Earlier this week Bill Nye the Science Guy fainted onstage during a
speech. No one bothered to help him — they were too busy tweeting the
news to the world. Commentators immediately started spouting about the passivity of youth, but war journalist David Axe says it’s just another case
of journalistic objectivity.

In a post on his blog War is Boring titled “We are all journalists: we are all bad people,” Axe — a war correspondent for Wired and the Washtington Times, among others — shares a very personal story, accompanied with video:

“Two years ago, I took the time to videotape a gunshot man dying on a street during a battle in Abeche, Chad. I did not try to help the man as he lay at my feet. I fled only when someone opened fire in my direction. It’s all there in the video, above.

“Asked about the incident a year later, I said it never occurred to me to help the man. It was my job to document the battle and its victims. If forced to choose between trying to save the life of someone I did not know, or recording his slow death so that I might highlight its tragedy, I suppose I will usually choose the latter. I am not a medic. I am not a decent person. I am a journalist.

“And so are the USC students, in a sense. The more we equip ourselves with the technology to document our own lives and events around us, the more we might see merely observing as a role—and an important one. In that sense, it’s hypocritical for any journalist to criticize the students for watching rather than acting. For if they are a good journalist, they would have done the very same thing.”

Mother Jones magazine doesn’t buy Axe’s assertion that journalists are amoral, saying that “believe it or not, you can actually do a good deed in the middle of a reporting job and still tell the story.” They point out that Axe’s WaPo writeup was “hardly objective”, instead opting to elicit an emotional reaction:

Axe wrote: “…reporter witnessed men dressed in military fatigues shooting at each other throughout downtown Abeche. One young man dressed in a mix of civilian and military clothes bled and died while soldiers and fleeing civilians stepped over him.”

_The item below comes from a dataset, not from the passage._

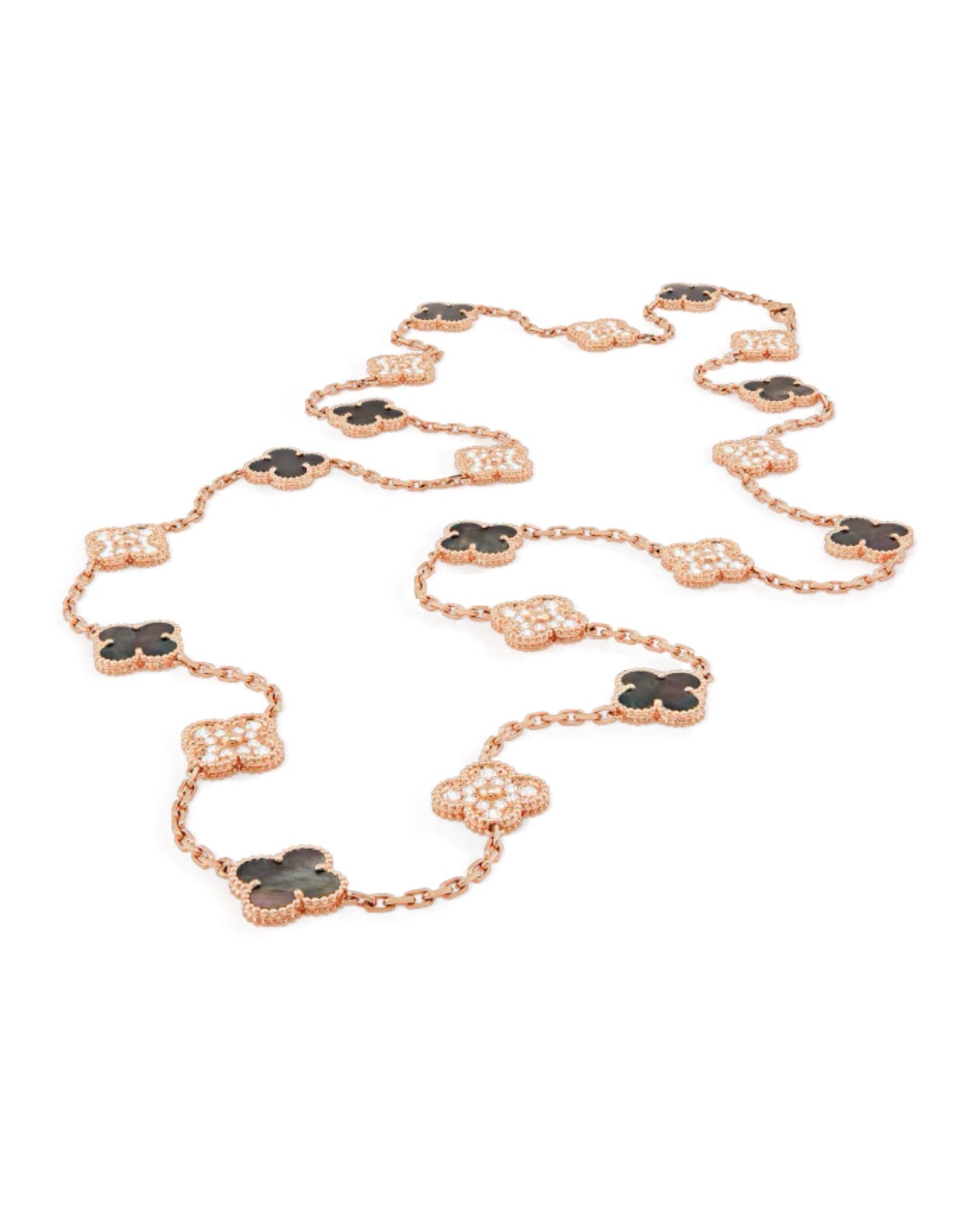 van cleef vintage alhambra long pendant, 20 motifs_3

Mother Jones suggests that “There’s nothing potentially more dangerous in journalism than using “objectivity” as a pretense to practice amorality. News reporting doesn’t exist in a vacuum; it isn’t good in itself. It’s supposed to be good for something: Selling papers, educating citizens, exposing injustices or inhumanities, whatever. There’s always some higher value at play when a journalist is at work.”